I am not a watchmaker by any means but I have experience in painting small items. 

I would think that the correct way to do this would be to remove the hour markers, paint the dial, and reapply the hour markers. You can remove the dial's paint if it is uneven or chipped to give the new paint an even surface. If it is fairly even you can probably just scuff it to give it some grip and paint on top of it. If you don't want to remove the hour markers you can probably just paint the whole thing and then carefully repaint the hour markers with a small brush. 

Again, I am in no way knowledgeable about the correct way to do this, but this is the way that I would do it if I had to.


----------



## McHaggis (Jun 12, 2015)

What colours did you fancy painting it? If it was me I would pick a spray primer from army painter as it will achieve a clear coat over a metal base.

I would handle the details with a Winsor and Newton series 7 brush (this is probably overkill but they are the best I have handled)

Pick whatever paint you want from the army painter range and make sure you use the flat of the brush to pick out the raised details.

You could probably pick up some lume and paint that on if you wanted.

Lastly I would probably finish it off with UV protecting spray paint as I don't know how long it would hold its colour, however if you get bored at any time dip it all in brake fluid wash it off and start again with new colours.

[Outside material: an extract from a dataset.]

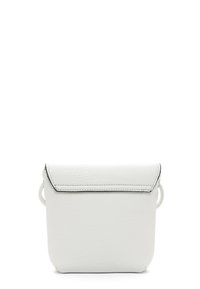 Borsa a tracolla in pelle bianca con finitura texturizzata, dotata di pattina pieghevole e rifiniture nere. Forma rettangolare compatta con due manici.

Army painter: The Army Painter
w&n: Series 7 Kolinsky Sable Brush - Round [Short Handle] | Winsor & Newton


----------



## salayc (Mar 29, 2012)

McHaggis said:


> What colours did you fancy painting it? If it was me I would pick a spray primer from army painter as it will achieve a clear coat over a metal base.
> 
> I would handle the details with a Winsor and Newton series 7 brush (this is probably overkill but they are the best I have handled)

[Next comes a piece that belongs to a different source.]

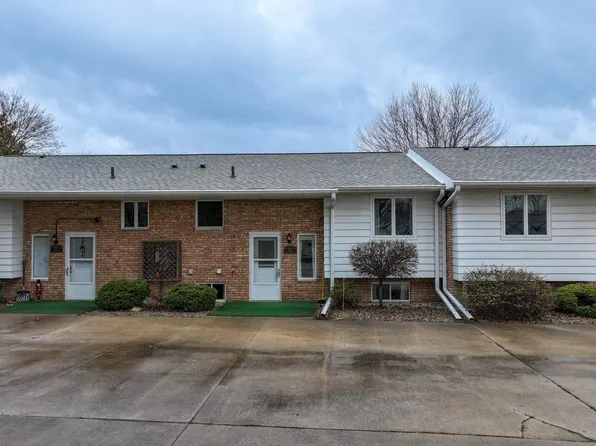 174 E 1st St, Imlay City, MI 48444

There are some well established techniques for watch dial finishing: chemical treatment with clear coat, enamel, spray finish, German silver, etc. Remember, you're placing the finished dial under a lens which will highlight even the slightest of flaws, which is one of the reasons these finishes are popular for watch dials - i.e. with the proper technique the finished dial will be visibly flawless. Aerosol and brush? I guess it depends on how nice a finish you want, but it most likely will not be a professional looking result.


----------



## craigant (Jul 31, 2011)

anyone got any pics of dials they have pained themselves?


----------



## Somewhere else (Feb 17, 2006)

I'm a bit baffled by the reply here. I expected someone else to say this, but I guess it is up to me; dials are NOT painted. They are printed with a pad printer.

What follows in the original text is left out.